Task requirements ▸ Set down, word for word, the line with "Woman With Digital" and the lines after it through the final line of the data below, without pictures.

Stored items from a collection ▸
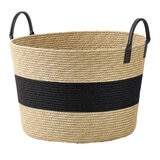 Cesta de Imitación Mimbre, Negro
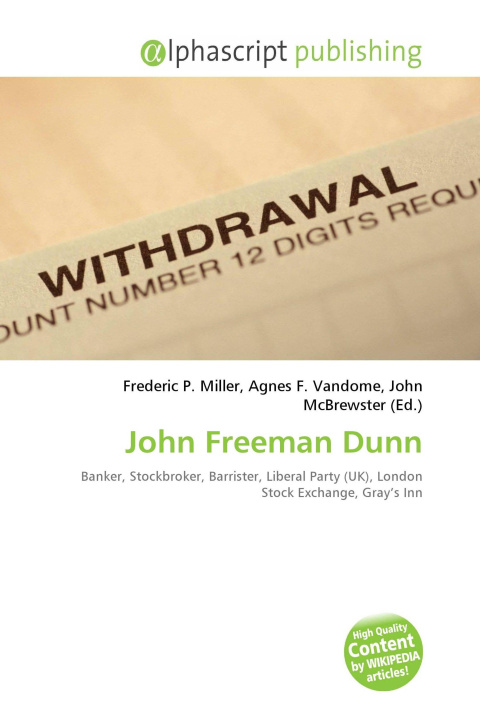 Kniha John Freeman Dunn Agnes F. Vandome
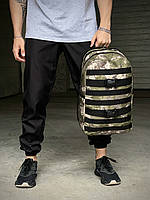 Рюкзак мужской Wellberry Fazan V2 камуфляж, городской рюкзак, спортивный рюкзак для мужчин, прочный рюкзак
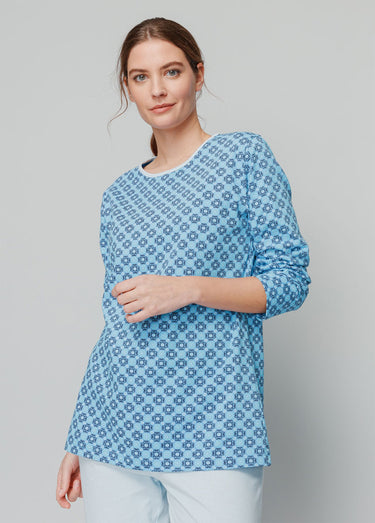 Haut de pyjama manches longues Imprime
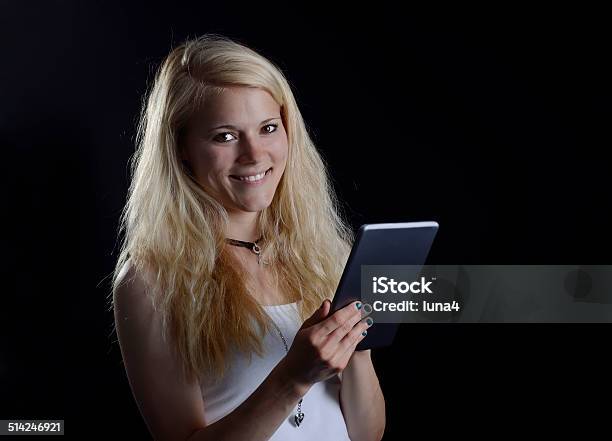 Woman With Digital Tablet Stock Photo - Download Image Now - Adolescence, Adult, Beautiful People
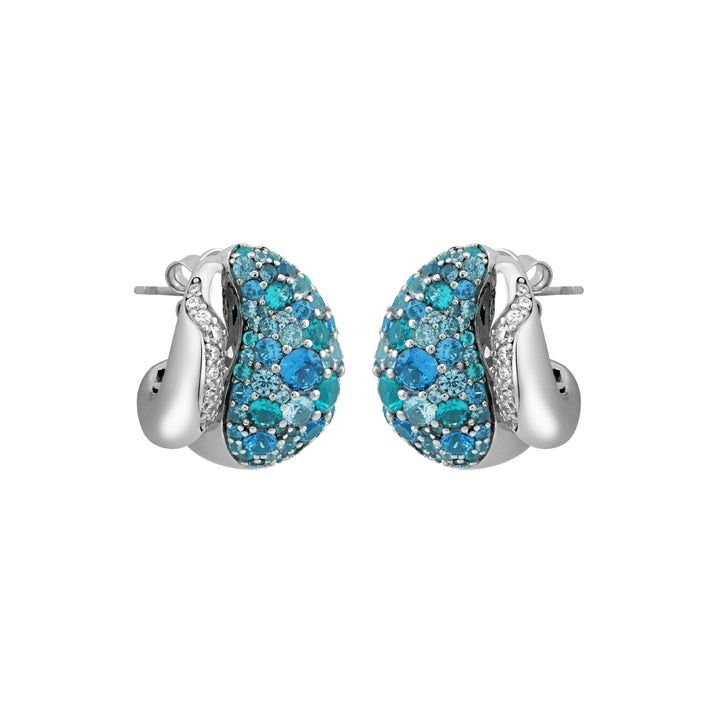 SIERRA Pavé Open Dome Hoop Earrings - ARTĒ Madrid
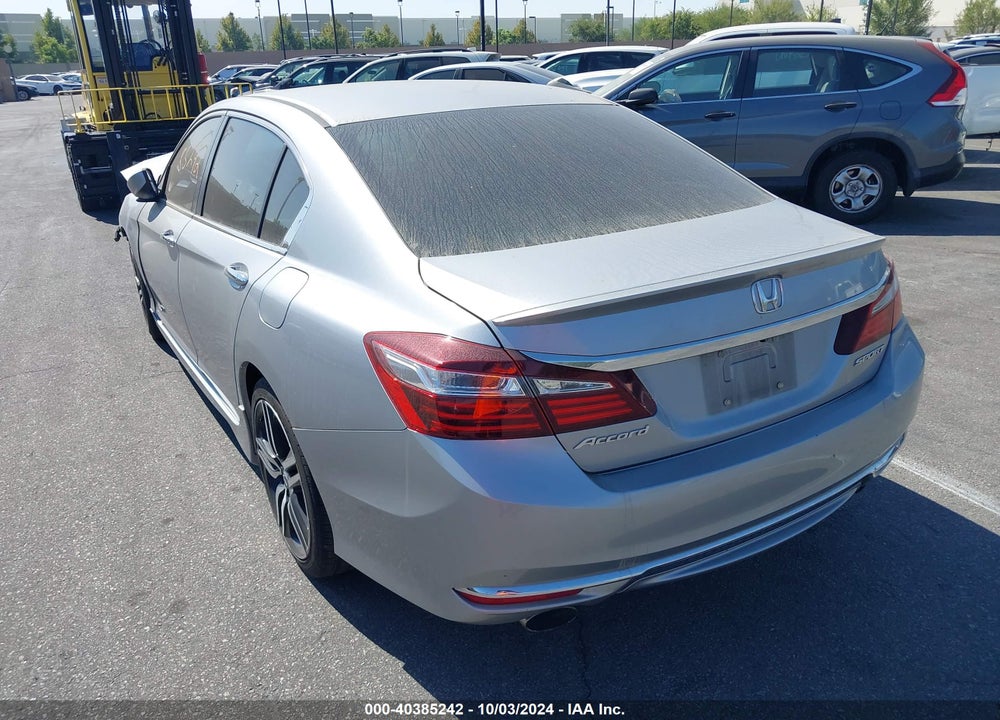 2016 HONDA ACCORD SPORT VIN: 1HGCR2F58GA146346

Exercise response ▸
 Woman With Digital Tablet Stock Photo - Download Image Now - Adolescence, Adult, Beautiful People
 SIERRA Pavé Open Dome Hoop Earrings - ARTĒ Madrid
 2016 HONDA ACCORD SPORT VIN: 1HGCR2F58GA146346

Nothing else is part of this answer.